There's a phrase I use almost as frequently as “oh boy, the Olympics!” and that would be “I love me some Los Angeles Dodgers!” But I do love me some Los Angeles Dodgers (!), for it is they who have won three consecutive games — including two in resounding late night walkoff fashion — over your Philadelphia Phillies. And with your Philadelphia Phillies stumbling around in the dark, your New York Mets have reconvened a first-place tie in the National League East.

Joe Torre…we love it!

Jeff Kent…we love it!

Brad Penny…we love it!

Sure, why not? Pennant races make strange bedfellows when it's after most decent East Coast people's bedtimes (I, of course, was wide awake when Nomar Garciaparra took Clay Condrey deeper than the night, stronger than the north wind blowing; I, of course, make no claim on decency). Should it all come back around to another Mets-Dodgers playoff series…well, talk about carts and horses all out of sequential whack. For now, we've got one more game in which we love us some Los Angeles Dodgers (and, for that matter, some St. Louis Cardinals in Miami). Brett Myers is pitching for the Phillies tonight. With Brett Myers on the hill, the repressive forces of communist China would look sympathetic.

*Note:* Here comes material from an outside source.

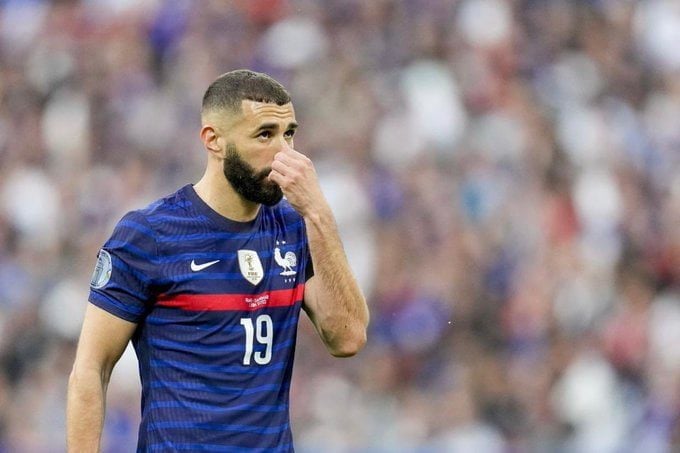 CDM: Benzema officiellement forfait pour le mondial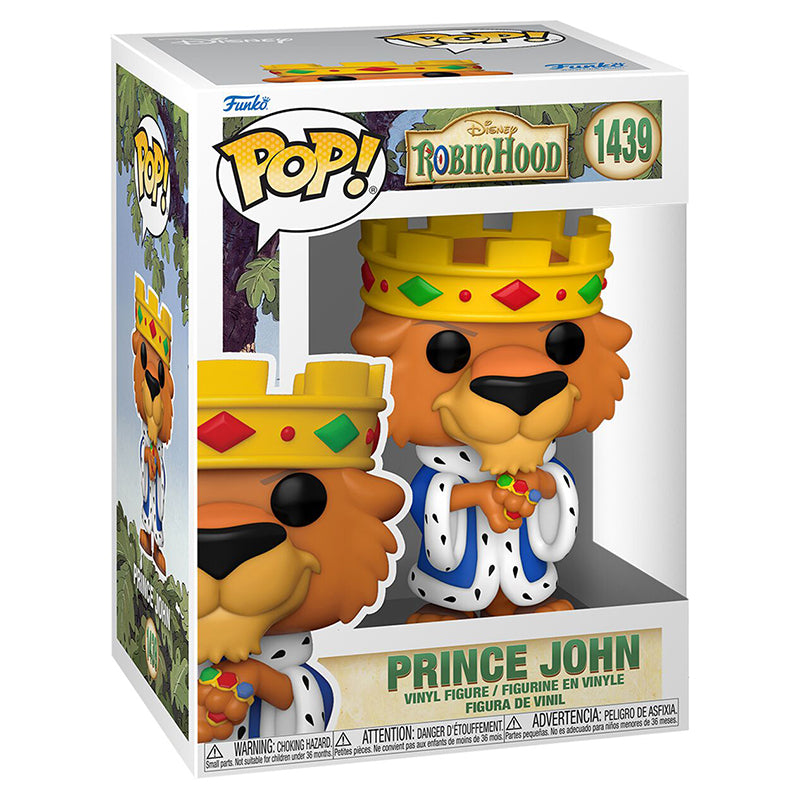 FUNKO POP! DISNEY ROBIN HOOD PRINCE JOHN no1439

Meanwhile, little-known American swimmer Michael Phelps strives desperately to garner the tiniest bit of attention within the vast shadow cast by the worldwide phenomenon that is Daniel Murphy. Phelps has won five gold medals, albeit in total obscurity, this Olympiad. Murphy, as the nonstop headlines and newscasts constantly remind us, is batting .467 in his first thirty Major League at-bats. NBC has left behind a skeleton crew in Beijing to record the remaining swimming events on the off chance anybody's still interested. Matt Lauer, Meredith Vieira and Al Roker are broadcasting live this morning from in front of Murph's hotel room in Washington. Can't they let the poor kid excel in peace?